Details
-
Bug
-
Status: Resolved
-
Major
-
Resolution: Cannot Reproduce
-
2.3.2
-
None
-
None
Description
Reading a Ctrl-A delimited CSV file ignores rows with all null values. However a comma delimited CSV file doesn't.
Reproduction in spark-shell:
import org.apache.spark.sql._
import org.apache.spark.sql.types._
val l = List(List(1, 2), List(null,null), List(2,3))
val datasetSchema = StructType(List(StructField("colA", IntegerType, true), StructField("colB", IntegerType, true)))
val rdd = sc.parallelize(l).map(item ⇒ Row.fromSeq(item.toSeq))
val df = spark.createDataFrame(rdd, datasetSchema)
df.show()
colA | colB | |
1 | 2 | |
null | null | |
2 | 3 |
df.write.option("delimiter", "\u0001").option("header", "true").csv("/ctrl-a-separated.csv")
df.write.option("delimiter", ",").option("header", "true").csv("/comma-separated.csv")
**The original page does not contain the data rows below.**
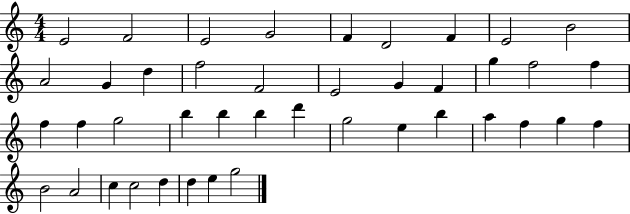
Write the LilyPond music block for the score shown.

{
  \clef treble
  \numericTimeSignature
  \time 4/4
  \key c \major
  e'2 f'2 | e'2 g'2 | f'4 d'2 f'4 | e'2 b'2 | \break a'2 g'4 d''4 | f''2 f'2 | e'2 g'4 f'4 | g''4 f''2 f''4 | \break f''4 f''4 g''2 | b''4 b''4 b''4 d'''4 | g''2 e''4 b''4 | a''4 f''4 g''4 f''4 | \break b'2 a'2 | c''4 c''2 d''4 | d''4 e''4 g''2 | \bar "|."
}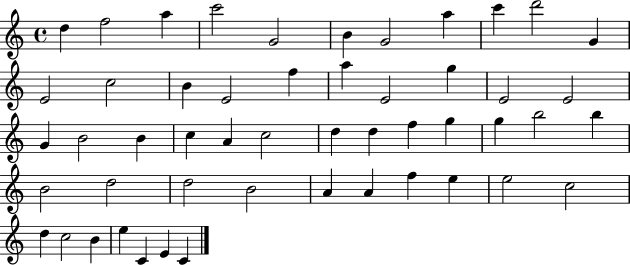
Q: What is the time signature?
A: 4/4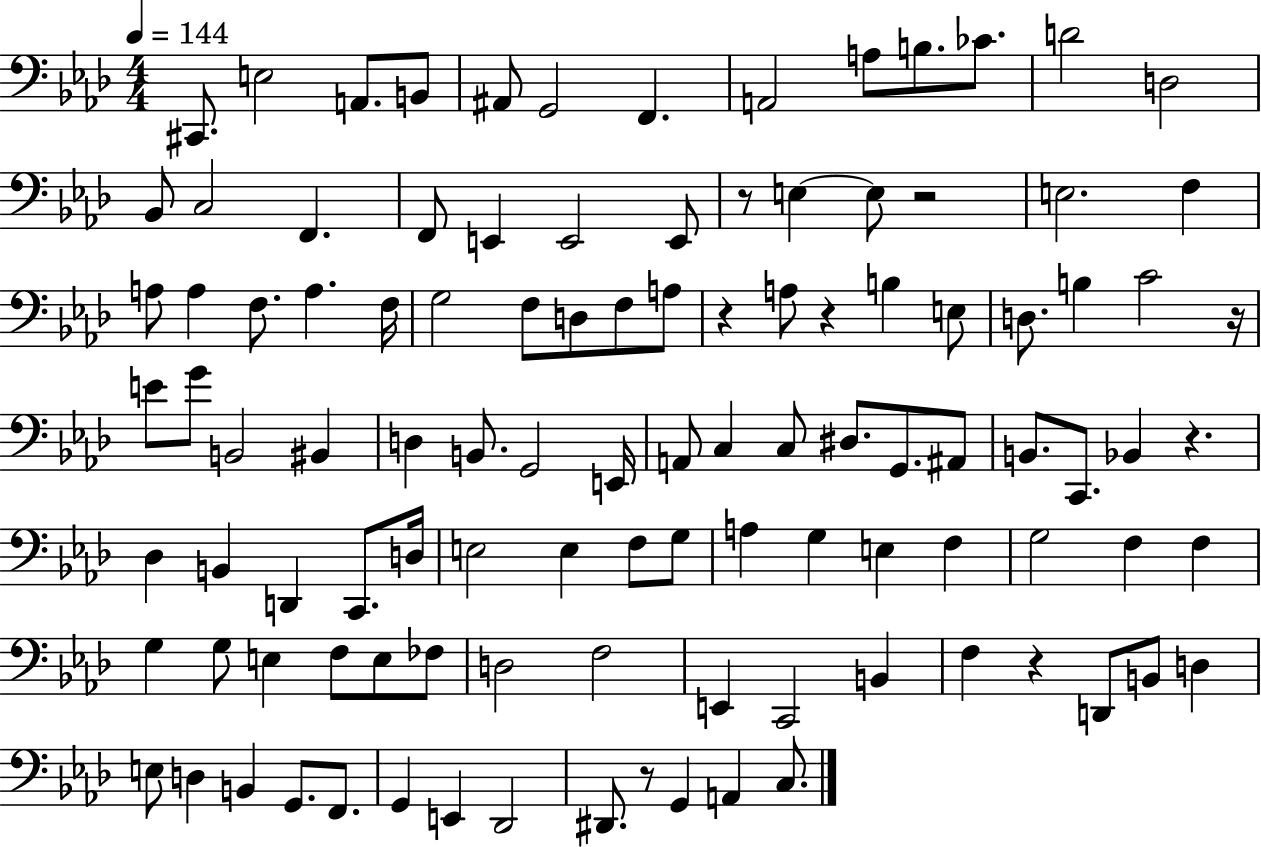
{
  \clef bass
  \numericTimeSignature
  \time 4/4
  \key aes \major
  \tempo 4 = 144
  cis,8. e2 a,8. b,8 | ais,8 g,2 f,4. | a,2 a8 b8. ces'8. | d'2 d2 | \break bes,8 c2 f,4. | f,8 e,4 e,2 e,8 | r8 e4~~ e8 r2 | e2. f4 | \break a8 a4 f8. a4. f16 | g2 f8 d8 f8 a8 | r4 a8 r4 b4 e8 | d8. b4 c'2 r16 | \break e'8 g'8 b,2 bis,4 | d4 b,8. g,2 e,16 | a,8 c4 c8 dis8. g,8. ais,8 | b,8. c,8. bes,4 r4. | \break des4 b,4 d,4 c,8. d16 | e2 e4 f8 g8 | a4 g4 e4 f4 | g2 f4 f4 | \break g4 g8 e4 f8 e8 fes8 | d2 f2 | e,4 c,2 b,4 | f4 r4 d,8 b,8 d4 | \break e8 d4 b,4 g,8. f,8. | g,4 e,4 des,2 | dis,8. r8 g,4 a,4 c8. | \bar "|."
}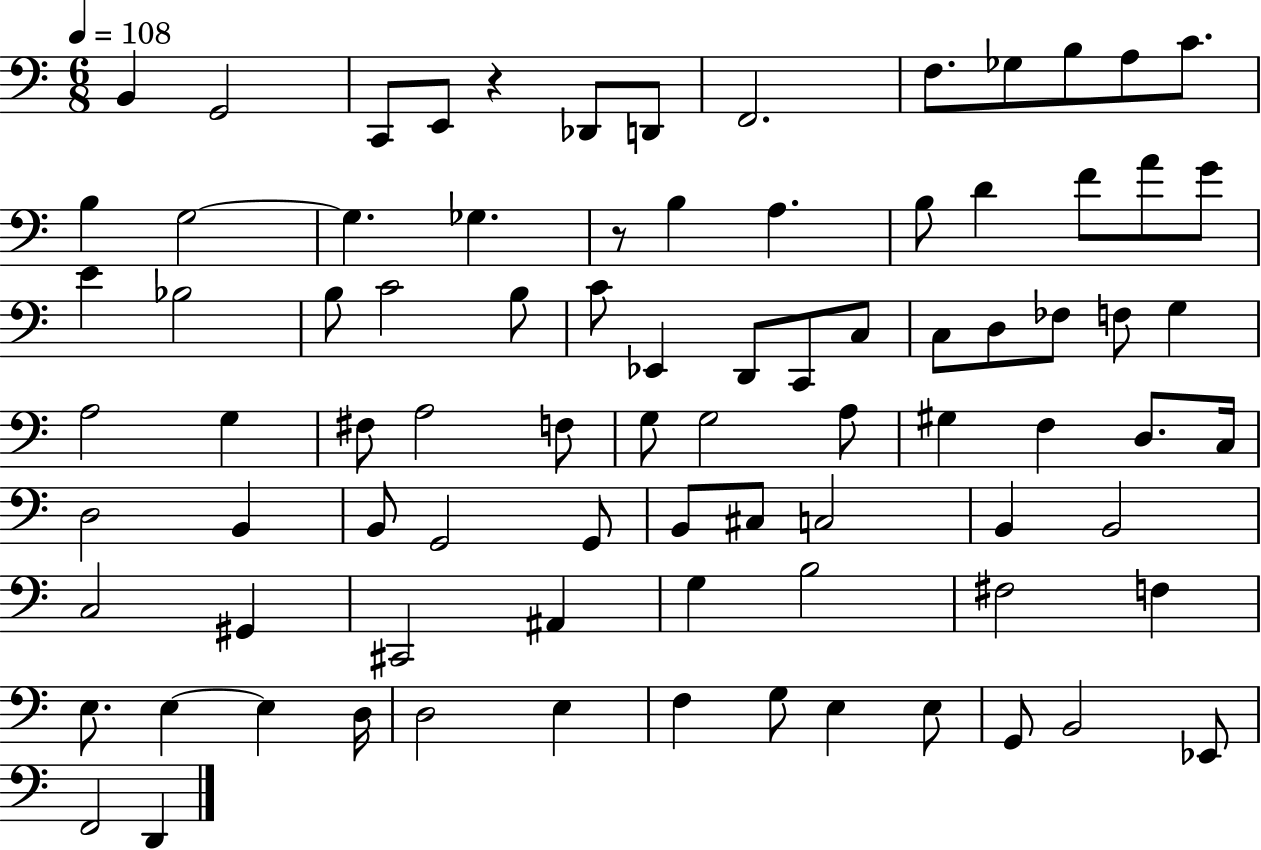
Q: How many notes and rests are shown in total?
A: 85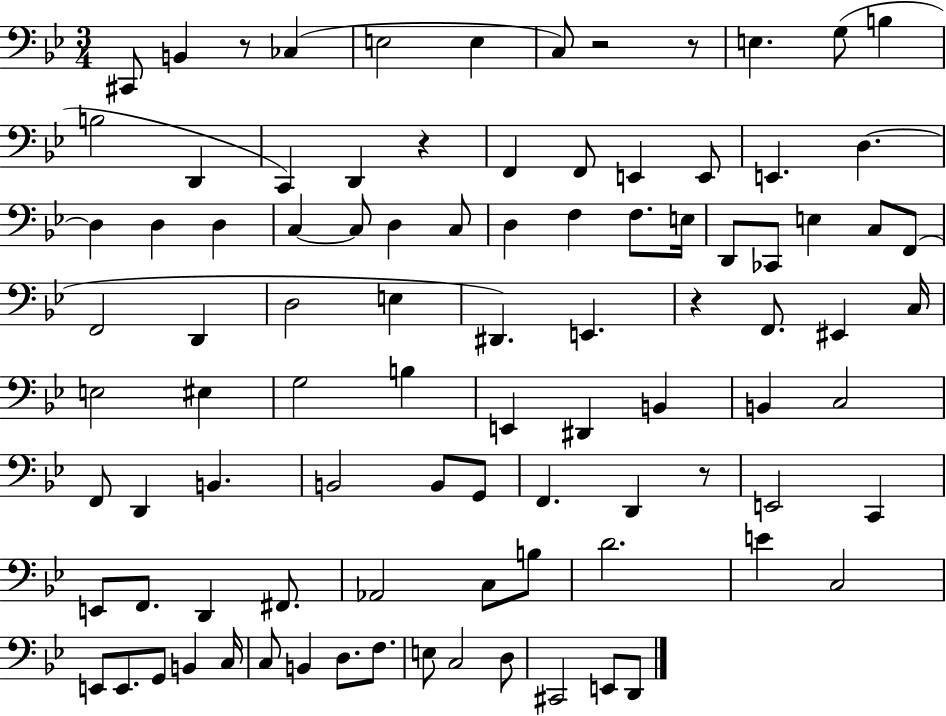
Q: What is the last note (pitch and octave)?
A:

val commaDf = spark.read.option("header", "true").option("delimiter", ",").csv("/comma-separated.csv")
commaDf.show
colA | colB |
1 | 2 |
2 | 3 |
null | null |
val ctrlaDf = spark.read.option("header", "true").option("delimiter", "\u0001").csv("/ctrl-a-separated.csv")
ctrlaDf.show
colA | colB |
1 | 2 |
2 | 3 |
As seen above, for Ctrl-A delimited CSV, rows containing only null values are ignored.